Using high-voltage DC power conditioning, the system also reduces AC-DC conversion losses. IBM says that it can cut energy consumption of data centres by about 10%. The system is effectively tailoring solar technology for wider use in industrial IT and electronics installations.
High-voltage, DC computer servers and cooling systems are beginning to replace traditional AC-powered equipment in the data centre, but IBM maintains that it’s Bangalore array is the first to integrate solar-power, water-cooling and power-conditioning into a package suitable for massive configurations of electronic equipment. For a data centre, the solution can provide a compute power of 25 to 30 teraflops using an IBM Power Systems server on a 50kW solar power supply. IBM plans to make the new solar-power technology available to clients.
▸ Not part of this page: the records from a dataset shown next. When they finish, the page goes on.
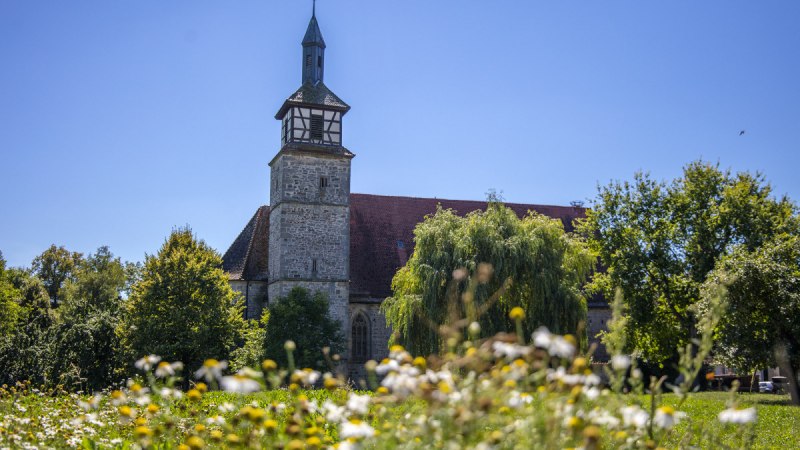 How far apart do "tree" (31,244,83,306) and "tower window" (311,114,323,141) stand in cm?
3013

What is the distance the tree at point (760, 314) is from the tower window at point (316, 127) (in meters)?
16.0

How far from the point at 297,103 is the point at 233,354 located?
9.81m

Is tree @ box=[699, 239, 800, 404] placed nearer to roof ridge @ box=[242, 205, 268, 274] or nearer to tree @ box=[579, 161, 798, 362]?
tree @ box=[579, 161, 798, 362]

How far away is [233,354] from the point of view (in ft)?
91.1

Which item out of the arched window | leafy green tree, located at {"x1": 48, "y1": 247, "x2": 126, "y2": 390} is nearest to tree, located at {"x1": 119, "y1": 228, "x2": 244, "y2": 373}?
leafy green tree, located at {"x1": 48, "y1": 247, "x2": 126, "y2": 390}

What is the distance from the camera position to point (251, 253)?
32719 mm

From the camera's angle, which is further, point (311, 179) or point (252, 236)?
point (252, 236)

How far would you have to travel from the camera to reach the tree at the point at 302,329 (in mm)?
27703

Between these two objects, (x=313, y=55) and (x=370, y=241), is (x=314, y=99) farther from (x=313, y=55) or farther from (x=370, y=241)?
(x=370, y=241)

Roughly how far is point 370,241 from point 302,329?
6625 mm

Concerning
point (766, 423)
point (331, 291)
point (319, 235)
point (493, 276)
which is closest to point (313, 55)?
point (319, 235)

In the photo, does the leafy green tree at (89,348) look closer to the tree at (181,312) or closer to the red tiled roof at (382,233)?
the tree at (181,312)

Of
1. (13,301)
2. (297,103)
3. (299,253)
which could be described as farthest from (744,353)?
(13,301)

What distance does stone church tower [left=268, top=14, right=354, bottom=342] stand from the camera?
99.3 feet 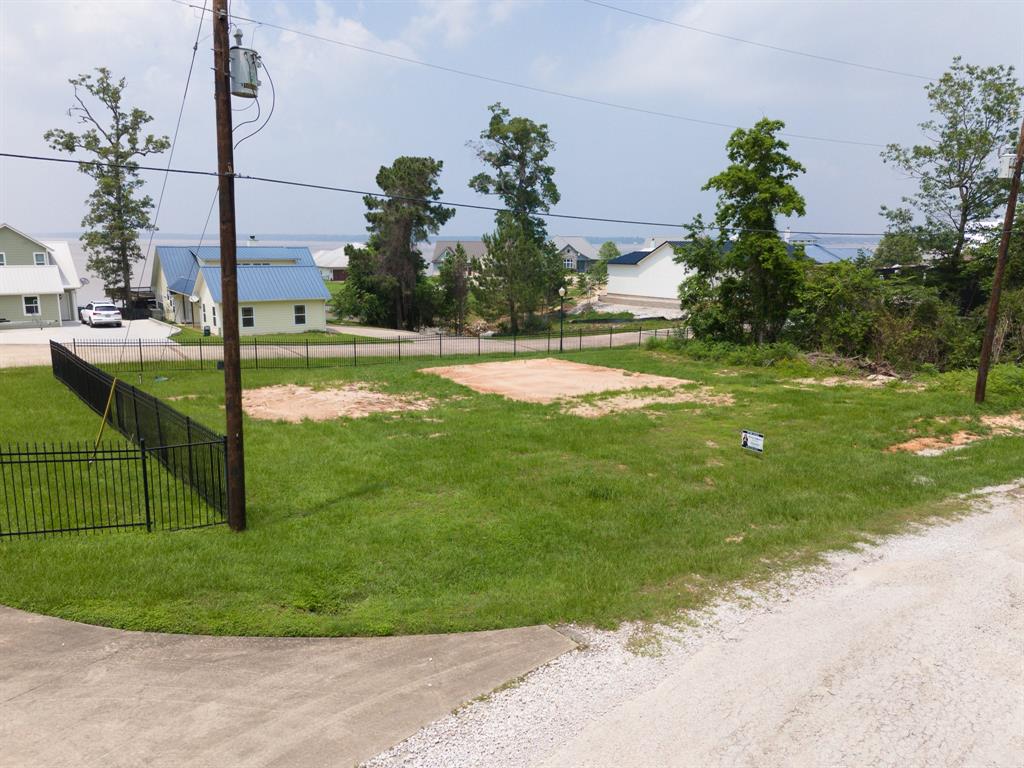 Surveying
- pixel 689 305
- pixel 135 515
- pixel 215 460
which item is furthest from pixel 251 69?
pixel 689 305

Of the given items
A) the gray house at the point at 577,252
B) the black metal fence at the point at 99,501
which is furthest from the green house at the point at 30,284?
the gray house at the point at 577,252

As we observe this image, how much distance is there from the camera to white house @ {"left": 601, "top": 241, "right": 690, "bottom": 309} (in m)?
68.4

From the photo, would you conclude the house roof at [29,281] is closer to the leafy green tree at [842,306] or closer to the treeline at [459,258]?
the treeline at [459,258]

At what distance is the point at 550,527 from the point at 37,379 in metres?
22.0

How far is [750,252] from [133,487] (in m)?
27.8

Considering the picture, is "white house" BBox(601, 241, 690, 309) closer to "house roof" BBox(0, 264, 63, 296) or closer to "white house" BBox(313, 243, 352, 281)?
"white house" BBox(313, 243, 352, 281)

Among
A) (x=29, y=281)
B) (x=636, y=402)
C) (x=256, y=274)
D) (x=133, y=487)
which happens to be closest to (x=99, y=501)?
(x=133, y=487)

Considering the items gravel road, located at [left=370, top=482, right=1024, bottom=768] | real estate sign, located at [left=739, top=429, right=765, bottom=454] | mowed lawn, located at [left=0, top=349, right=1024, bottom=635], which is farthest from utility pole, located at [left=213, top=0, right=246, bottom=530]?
real estate sign, located at [left=739, top=429, right=765, bottom=454]

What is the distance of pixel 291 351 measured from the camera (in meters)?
35.1

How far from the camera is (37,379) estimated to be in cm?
2442

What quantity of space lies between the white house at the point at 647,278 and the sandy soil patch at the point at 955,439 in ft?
159

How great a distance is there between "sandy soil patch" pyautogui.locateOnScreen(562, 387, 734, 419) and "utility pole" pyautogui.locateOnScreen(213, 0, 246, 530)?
1074 centimetres

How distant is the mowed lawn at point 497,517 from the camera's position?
8.29 metres

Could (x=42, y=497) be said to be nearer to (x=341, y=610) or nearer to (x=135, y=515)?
(x=135, y=515) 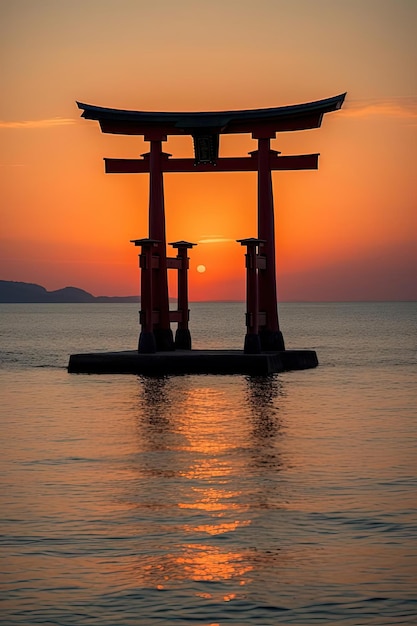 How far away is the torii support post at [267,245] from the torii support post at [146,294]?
3.11 m

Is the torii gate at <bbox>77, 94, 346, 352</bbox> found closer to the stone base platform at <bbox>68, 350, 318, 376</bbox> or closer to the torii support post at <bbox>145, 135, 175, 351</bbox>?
the torii support post at <bbox>145, 135, 175, 351</bbox>

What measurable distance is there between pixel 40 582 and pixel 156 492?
4387 mm

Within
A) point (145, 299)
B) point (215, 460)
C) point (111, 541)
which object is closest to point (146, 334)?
point (145, 299)

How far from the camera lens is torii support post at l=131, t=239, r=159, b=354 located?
106 feet

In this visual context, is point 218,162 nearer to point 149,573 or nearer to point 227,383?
point 227,383

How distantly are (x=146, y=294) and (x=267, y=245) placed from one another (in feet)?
12.1

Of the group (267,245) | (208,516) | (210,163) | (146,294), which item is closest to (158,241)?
(146,294)

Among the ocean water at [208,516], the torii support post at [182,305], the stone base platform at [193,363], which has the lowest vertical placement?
the ocean water at [208,516]

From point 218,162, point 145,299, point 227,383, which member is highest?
point 218,162

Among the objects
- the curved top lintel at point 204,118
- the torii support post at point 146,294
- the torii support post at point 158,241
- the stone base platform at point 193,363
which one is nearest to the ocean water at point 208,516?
the stone base platform at point 193,363

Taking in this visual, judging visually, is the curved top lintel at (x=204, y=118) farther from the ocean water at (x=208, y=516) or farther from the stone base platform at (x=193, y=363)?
the ocean water at (x=208, y=516)

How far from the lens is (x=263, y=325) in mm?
32781

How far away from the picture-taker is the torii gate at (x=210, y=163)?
32.0 meters

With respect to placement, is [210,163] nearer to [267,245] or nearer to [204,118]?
[204,118] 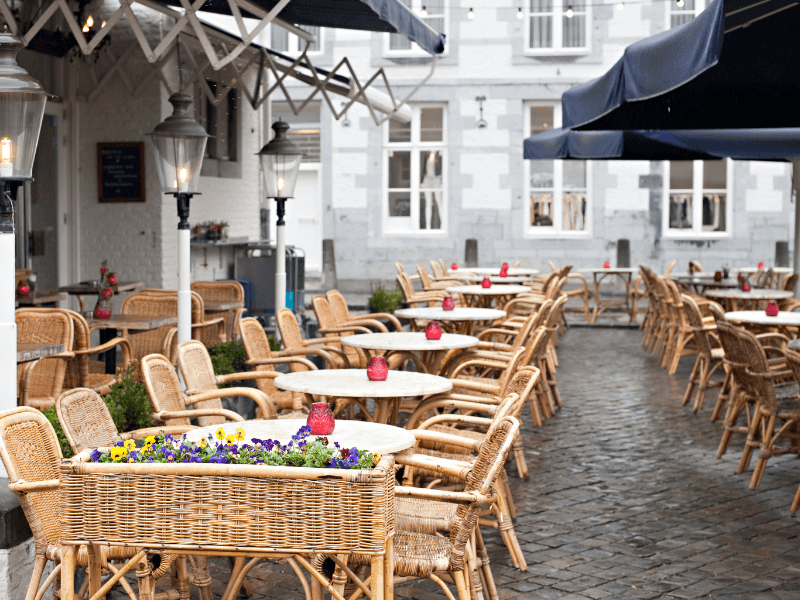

It looks an interesting proposition with wide application. As well as reducing data centre power requirements it also raises the prospect of setting up a data centre that doesn't need the grid.
It’s a more IT market-focussed approach than Google, which announced earlier in the month that it was entering the residential solar market. Google has joined up with a company in San Francisco to fund solar power system installations and charge the home owner a monthly fee. The monthly cost will be no more than what was originally paid to the utility.